Asked whether customers could see their prices go down in the future, he replied: “We always want to keep our prices as low as possible… so any opportunity we have to either reduce our own costs, or if the costs that we incur that we don’t control go down, of course we would consider passing that on as quickly as we can to our customers.”
Rising energy bills are squeezing households as inflation also bites through the increasing cost of food shopping – while at the same time latest figures show wage growth has been slowing.
@skysarahjane I haven’t had a pay rise in 4 years! British Gas increase will cripple me
— Debbie (@DebbieAnne2224) August 1, 2017
Time to switch from @BritishGas – we are the consumers, we still have choice. https://t.co/BgNrxVMDTF
— Lliana Bird (@LlianaBird) August 1, 2017
like to know the British Gas breakdown of ‘cost of delivery ‘ if infrastructure investment should be continually borne by users.Greedy
— Mongoose Perkins (@Bertiemufc489) August 1, 2017
Angry customers responded to the price hike on Twitter, with one writing: “I haven’t had a pay rise in 4 years! British Gas increase will cripple me.”
Another wrote: “Time to switch from @BritishGas – we are the consumers, we still have choice.”
One person tweeted: “like to know the British Gas breakdown of ‘cost of delivery ‘ if infrastructure investment should be continually borne by users.Greedy.”
Details of the change in tariff came as Centrica revealed it lost 377,000 UK customer accounts in the first half of 2017.
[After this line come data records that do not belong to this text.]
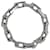 Bracciale a catena Monogram Louis Vuitton Argento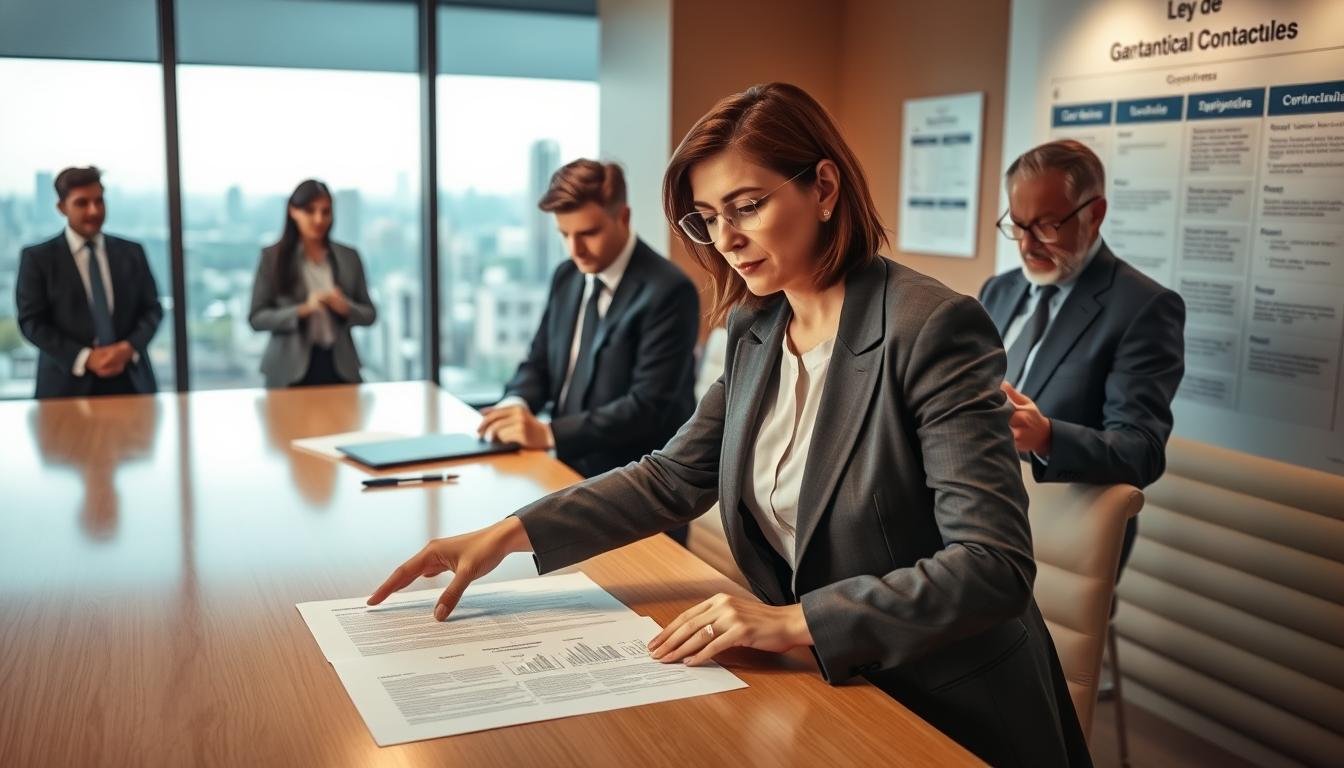 asesoria garantias contratos publicos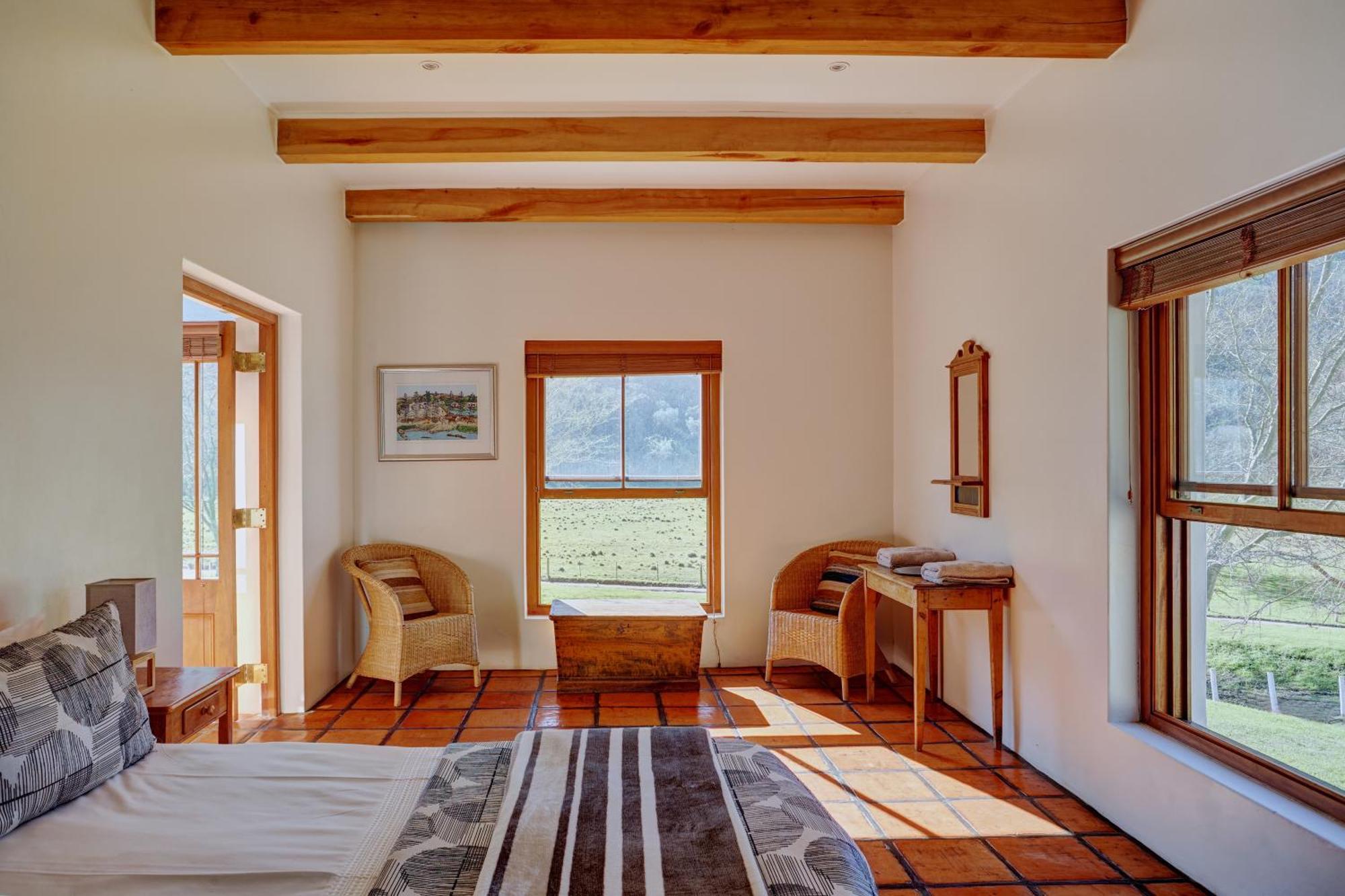 Somerset Gift Getaway Farm 斯韦伦丹 外观 照片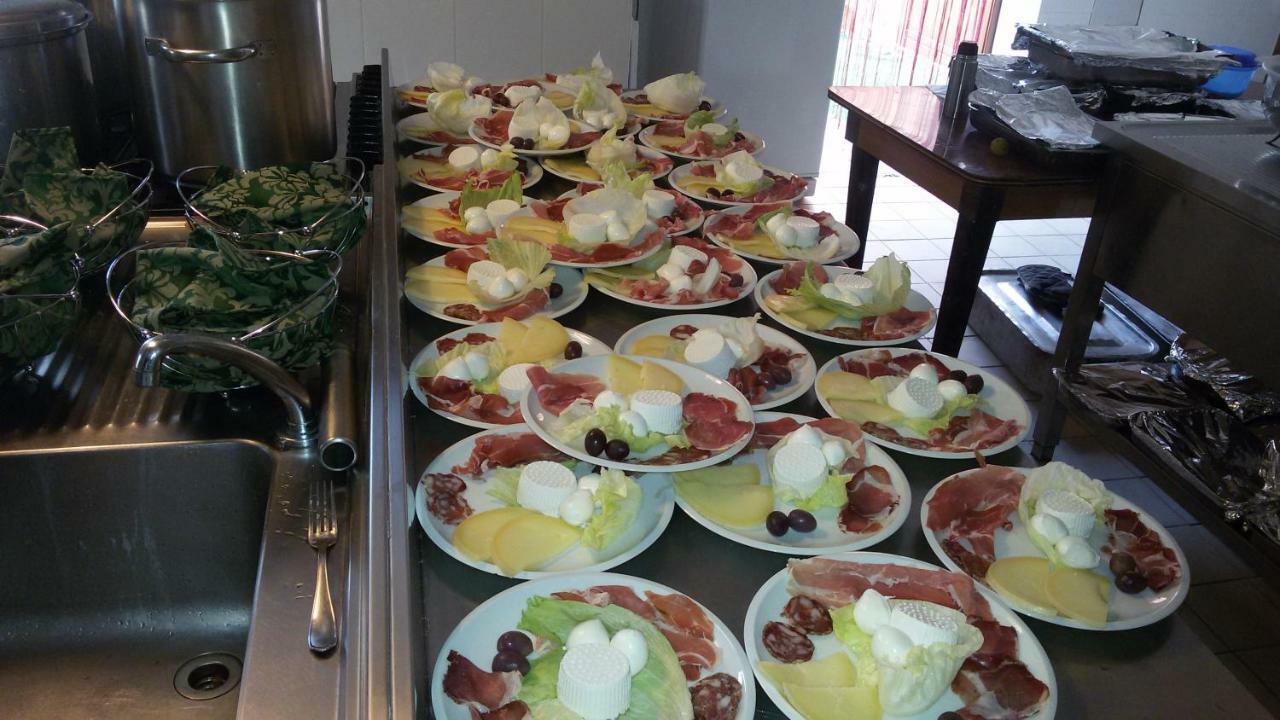 Agriturismo La Stragola Nicosia Kültér fotó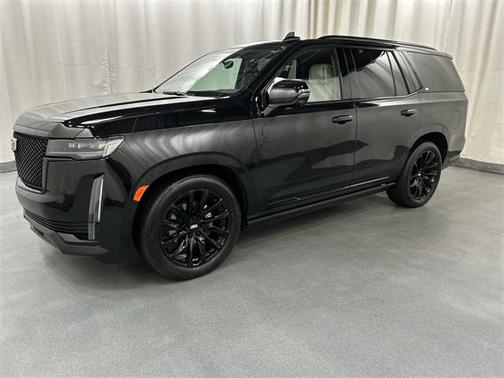 2024 Cadillac Escalade Sport Platinum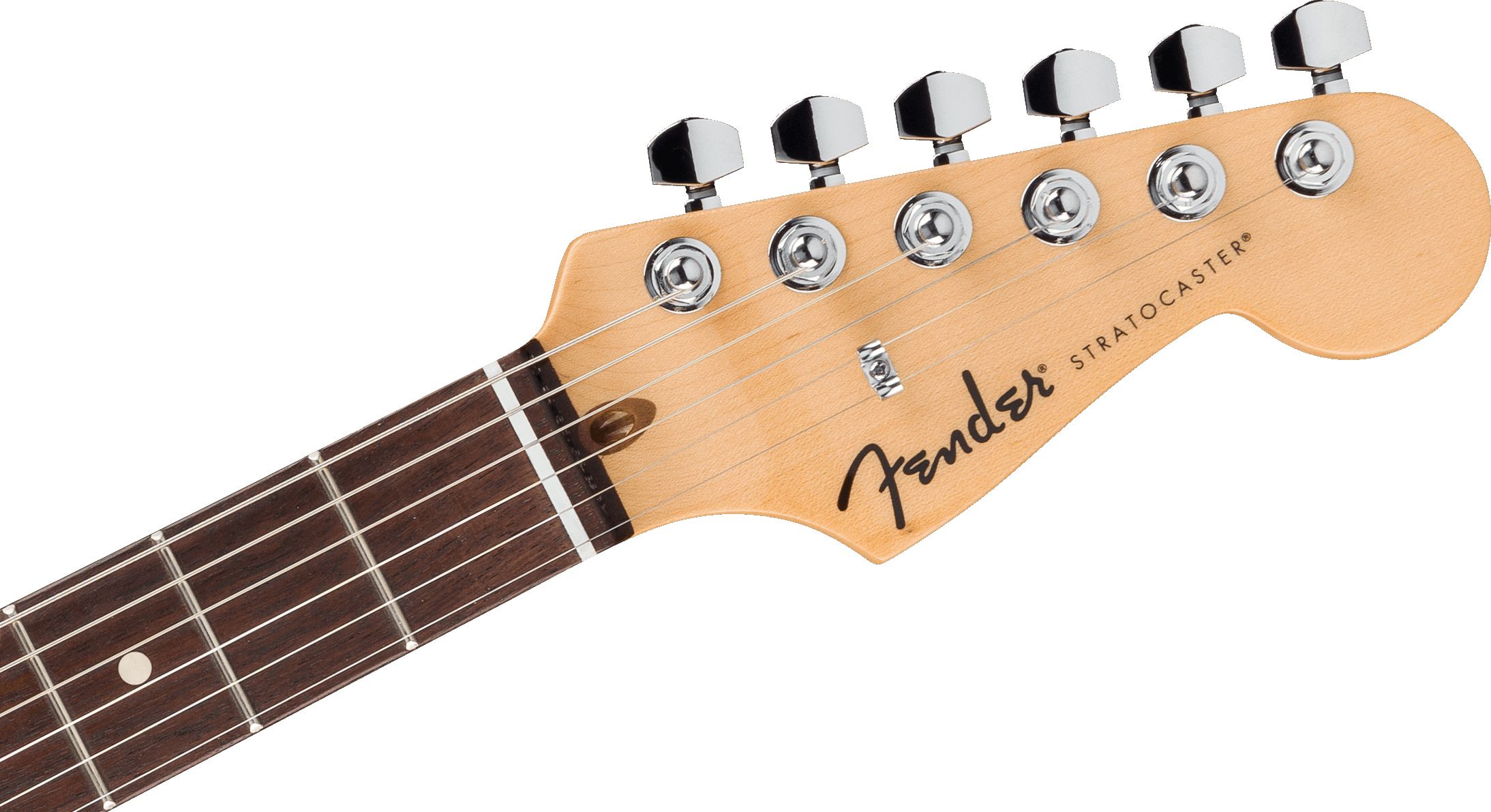 Fender Standard Stratocaster HSS Candy Cola – Bild 4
The group’s pre-tax profits dropped by 7% to £639m in the six months to 30 June, compared with £688m for the same period last year.
British Gas is the last of the “Big Six” energy firms to increase prices.
EDF hiked bills for the second time this year in April, putting a typical household’s gas and electricity costs for the year up by 8.5%, or £91.
Rival SSE sput up standard bills by 6.9%, while E.On set out an 8.8% hike, both from the end of April.
There have also been rises of 9.8% from npower and 8% from ScottishPower, which took effect in March, while British Gas bucked the trend with a price freeze until August.